No ignoro el gran valor que pueden tener las fuerzas negativas y obstructoras. Cuanto más tiempo puedan las mejores escuelas y las más antiguas universidades de este país (pues en América ya han abandonado totalmente la lucha) conservar algún estándar de educación clásica, mejor para quienes miran al futuro con un deseo activo de reforma y una aceptación inteligente del cambio. Pero esperar de nuestras instituciones educativas alguna otra contribución positiva en el futuro sería vano. Como solo el católico y el comunista saben, toda educación ha de ser, en última instancia, educación religiosa. No quiero decir que la educación haya de estar limitada a los postulantes al sacerdocio o a los rangos altos de la burocracia soviética; quiero decir que la jerarquía de la educación debería ser una jerarquía religiosa. Las universidades han ido demasiado lejos en la secularización, hace demasiado que han perdido cualquier asunción común fundamental sobre la finalidad de la educación, y son demasiado grandes. Podría esperarse que, eventualmente, siguieran la pauta o bien que sean relegadas a la conservación como curiosas reliquias arquitectónicas; pero no se puede esperar que guíen la marcha.

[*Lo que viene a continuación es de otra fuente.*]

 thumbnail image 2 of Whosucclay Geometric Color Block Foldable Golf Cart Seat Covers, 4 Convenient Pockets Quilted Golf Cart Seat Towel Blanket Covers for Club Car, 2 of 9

Es perfectamente posible, claro está, que el futuro no traiga ni una civilización cristiana ni una materialista. Es perfectamente posible que el futuro no traiga más que caos o sopor. En esa eventualidad, no estoy interesado en el futuro; solo estoy interesado en las dos alternativas que me parecen dignas de interés. Solo me dirijo aquí a los lectores que están preparados para preferir una civilización cristiana, si se les fuerza la elección; y solo es a lectores que desean la supervivencia y el desarrollo de una civilización cristiana a quienes recalco la importancia del estudio del latín y el griego. Si la cristiandad no ha de sobrevivir, no me importará que los textos de las lenguas latina y griega se vuelvan más oscuros y olvidados que los de la lengua de los etruscos. Y la única esperanza que veo para el estudio del latín y el griego, en su lugar propio y por las razones correctas, está en el renacer y la expansión de las órdenes monásticas dedicadas a la educación. Hay otras razones, y del mayor peso, para desear un renacer de la vida monástica en su diversidad, pero el mantenimiento de la educación cristiana no es la menor. La primera tarea educativa de las comunidades debería ser la conservación de la educación en el claustro, incontaminada por el diluvio de barbarismo externo; la segunda, la provisión de educación para el laicado, que debería ser algo más que la educación para un puesto funcionarial o para la eficiencia técnica o para el éxito social o público. No sería el adorno hortera de la educación para el ocio.
Ahora que el mundo en general se seculariza cada vez más, se hace más urgente la necesidad de que el pueblo cristiano profeso tenga una educación cristiana, que debería ser una educación tanto para este mundo como para la vida de oración en este mundo.